MENU
 
 
  • Vegetable Strudel

    1 vote

    Ingredients

    • I used: leftover eggplant, red pepper, red onion, carrots, cauliflower, garlic
    • 8 phyllo sheets, thawed overnight in the fridge if frozen
    • various cheeses; I used mozzarella, Parmesan, fontina and gruyere
    • Unsalted butter, melted
    • plain bread crumbs
    • olive oil
    • salt and pepper

    Directions

    Vegetable Strudel

    If I remember correctly, I first saw this on Pinterest and saved it. Marie's idea of using leftover vegetables rolled up in phyllo made for quite a flavorful dish. I used what I had: cauliflower, red pepper, red onion, garlic, eggplant and carrots, roasted them all together first and then filled phyllo with them. The phyllo was in my freezer, 1/2 package left from another recipe. Topped with cheese and then baked, wow! Yummy supper and pretty darn elegant too, considering this was all leftovers.

    I did things a little differently than Marie. She was a good girl. I wasn't. She sprayed each phyllo layer with olive oil and sprinkled with Romano cheese. Ditto on the top. I went with butter and bread crumbs, making this a richer dish. Your choice. Marie had some marinara sauce leftover and used that on the side. I loved it just the way it came out of the oven. No sauce. I could barely keep my hands off the roasted vegetables, the flavors were so spectacular, let alone add sauce when it was baked. But again, your choice.

    When it was all rolled up, I brushed on some more butter and sprinkled some Parmesan cheese on top.Unfortunately, this was not an actual recipe, but I'll do the best I can.
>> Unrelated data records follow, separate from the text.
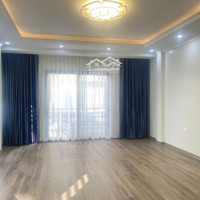 Bán Nhà Võ Chí Công, Hoàng Quốc Việt. 40M2*6T Tm. Xây Mới Full Nội Thất, Ôtô Đỗ Cửa. Giá Bán 8,5 Tỷ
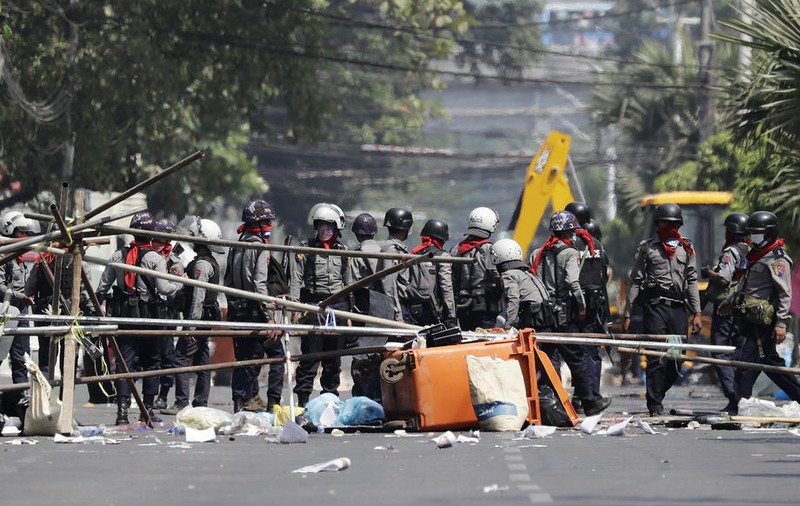 Cel puțin patru morți în timpul protestelor din Myanmar, după ce poliția militară a deschis focul asupra manifestanților pro-democrație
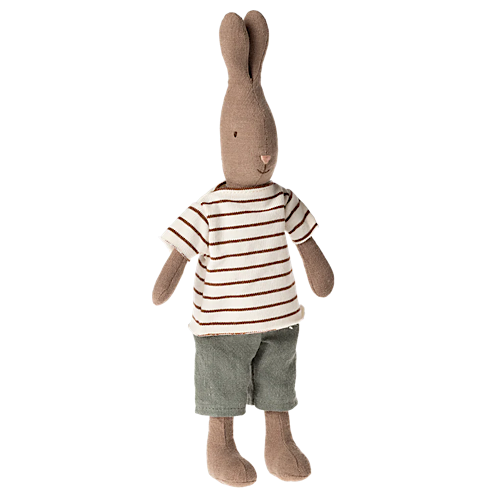 Hase, Größe 2 - Junge mit gestreiftem Shirt und gemütlicher Hose - 29 cm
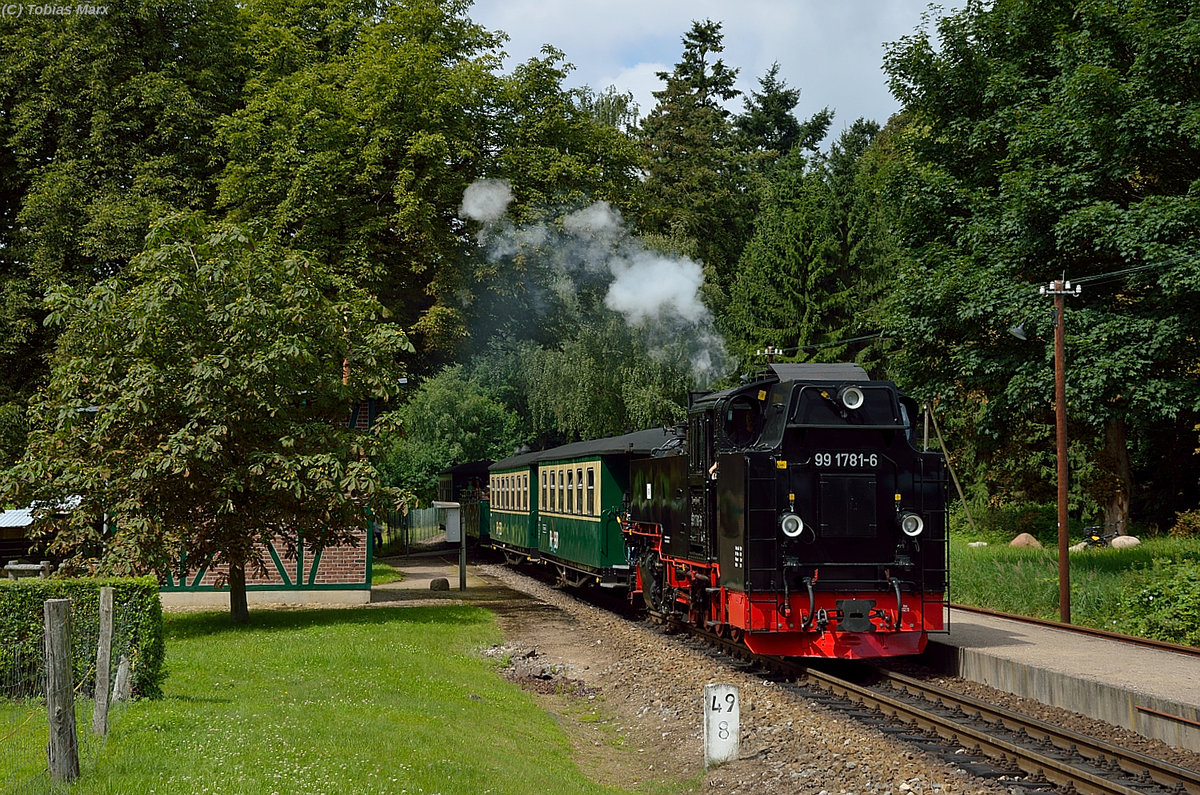 99 1781-6 mit P 225 bei der Durchfahrt durch Garftitz am 19.07.2016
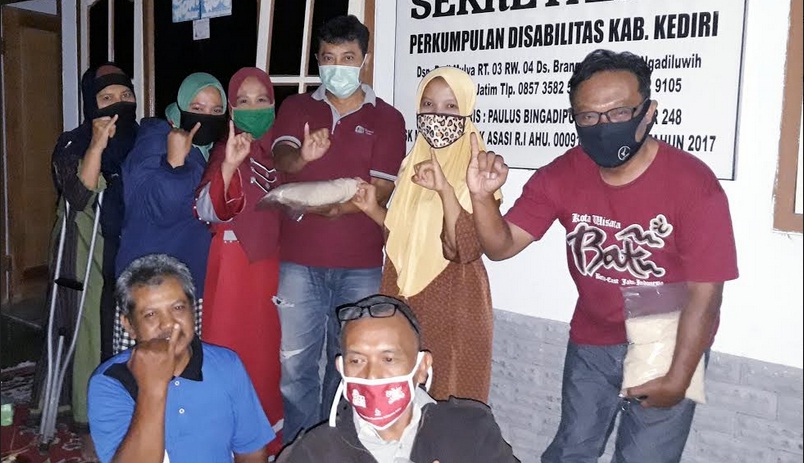 Dari kanan, Alumni 91 Tusiana Agung (berdiri), Ketua PDKK Umi Salamah, Koordinator Alumni 91 Marwan Wahyu Widodo, dan Pengurus PDKK lainnya dengan salam inklusi-nya. foto: MUJI HARJITA/ BANGSAONLINE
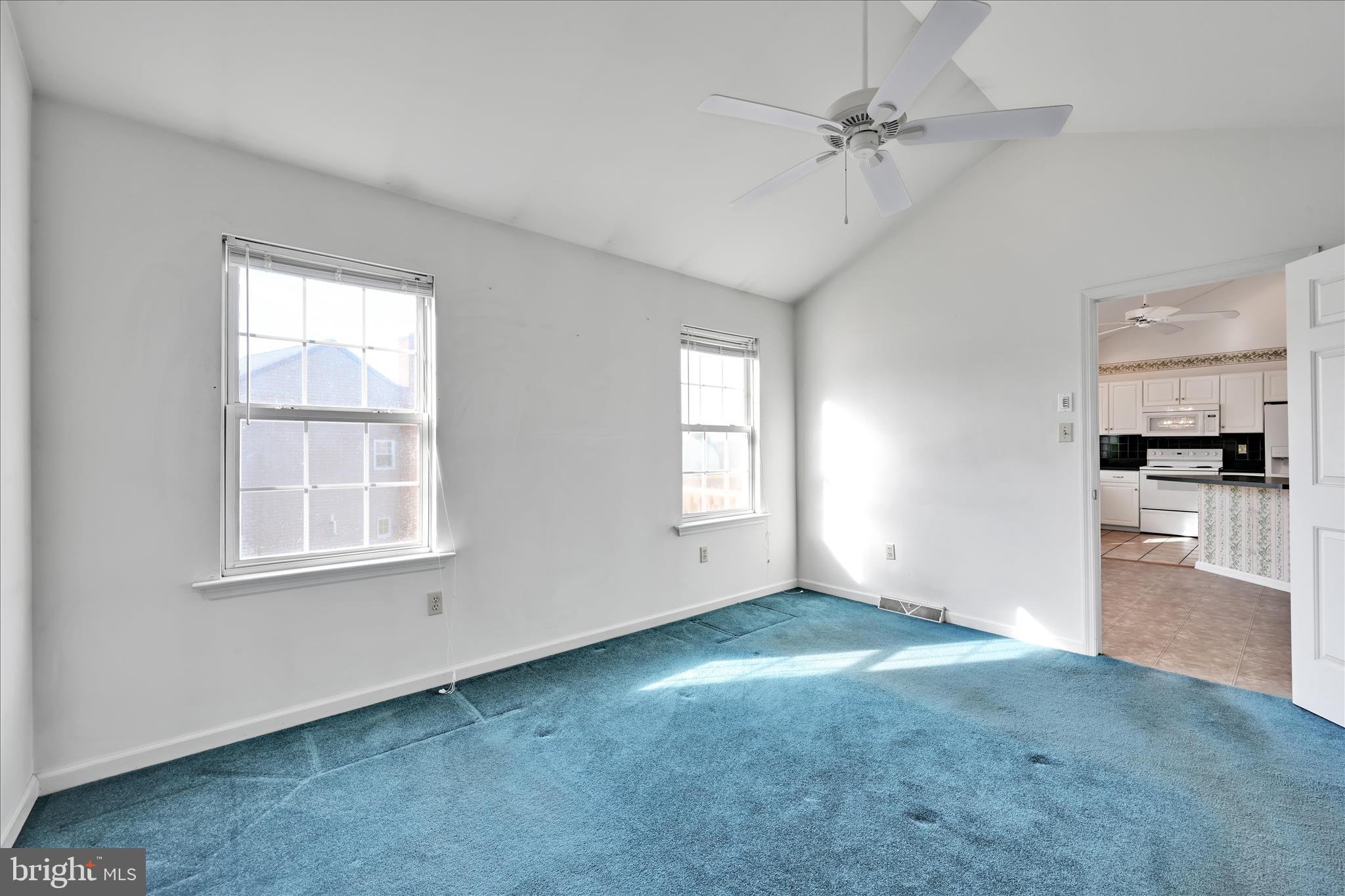 MANOR OAKS - Residential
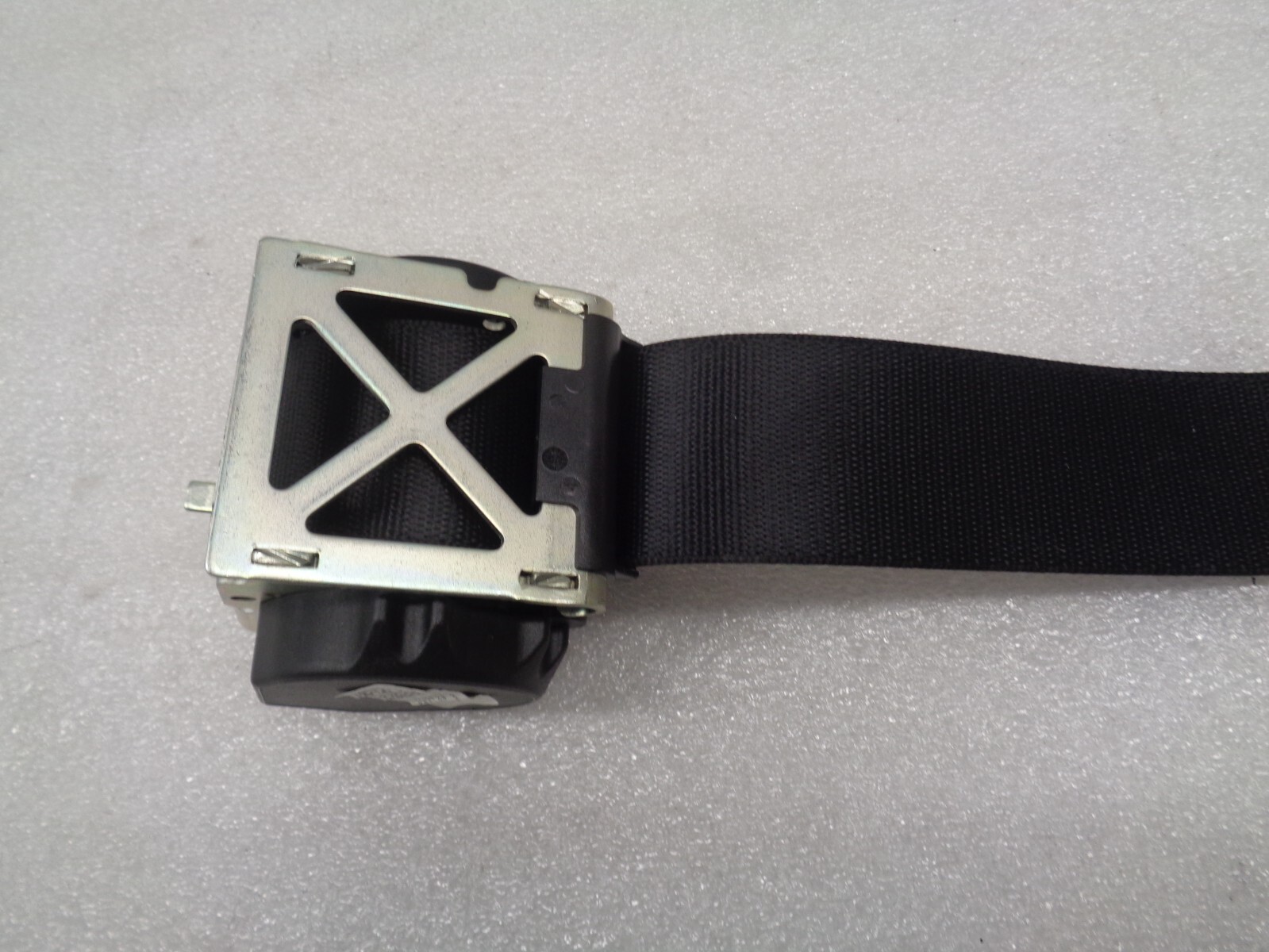 14-17 Maserati Ghibli Rear Left Side Seatbelt Seat Belt Retractor OEM AK2308333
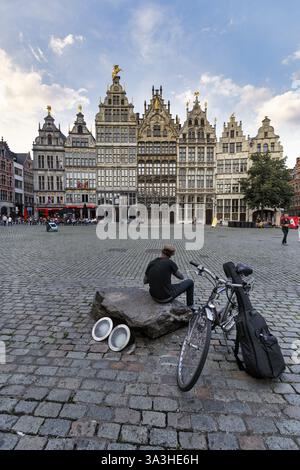 Maisons de guilde, musiciens de rue le soir, architecture typique sur la Grote Markt, Anvers, Flandre, Belgique, Europe Banque D'Images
Hopefully, everyone knows how to work with phyllo; Marie went into more detail and no doubt you can find additional information online. This was an awesome idea for leftover veggies.

    Vegetable Strudel

    Idea from Marie at Proud Italian Cook

    Ingredients:

    Method:

    Make certain your vegetables are cut in similar sizes. If you use cauliflower, it should be cut into very small florets. Combine the vegetables and place in a sheet pan. Toss with olive oil, salt and pepper and roast in a 425 oven until browned, about 30-35 minutes. Allow to cool.

    Unfold your phyllo sheets onto a damp tea towel. Also have one available to place on top so the sheets don't dry out. Reduce oven to 400.

    I used 8 layers of phyllo, buttering each layer and then sprinkling with bread crumbs.

    Add your roasted and cooled vegetables in the center, spreading out, but leaving a border all around the edges of the phyllo. Sprinkle with the cheeses, I used all those listed except the Parmesan, which I sprinkled on top. Roll it up into a log, brush some butter on top and sprinkle with Parmesan or Romano.

    Bake in a 400 oven until cooked through and brown, about 30-40 minutes. Mine took a bit longer because my roll was fat and stuffed with lots of vegetables and it took about 45 minutes for the cheese inside to melt completely.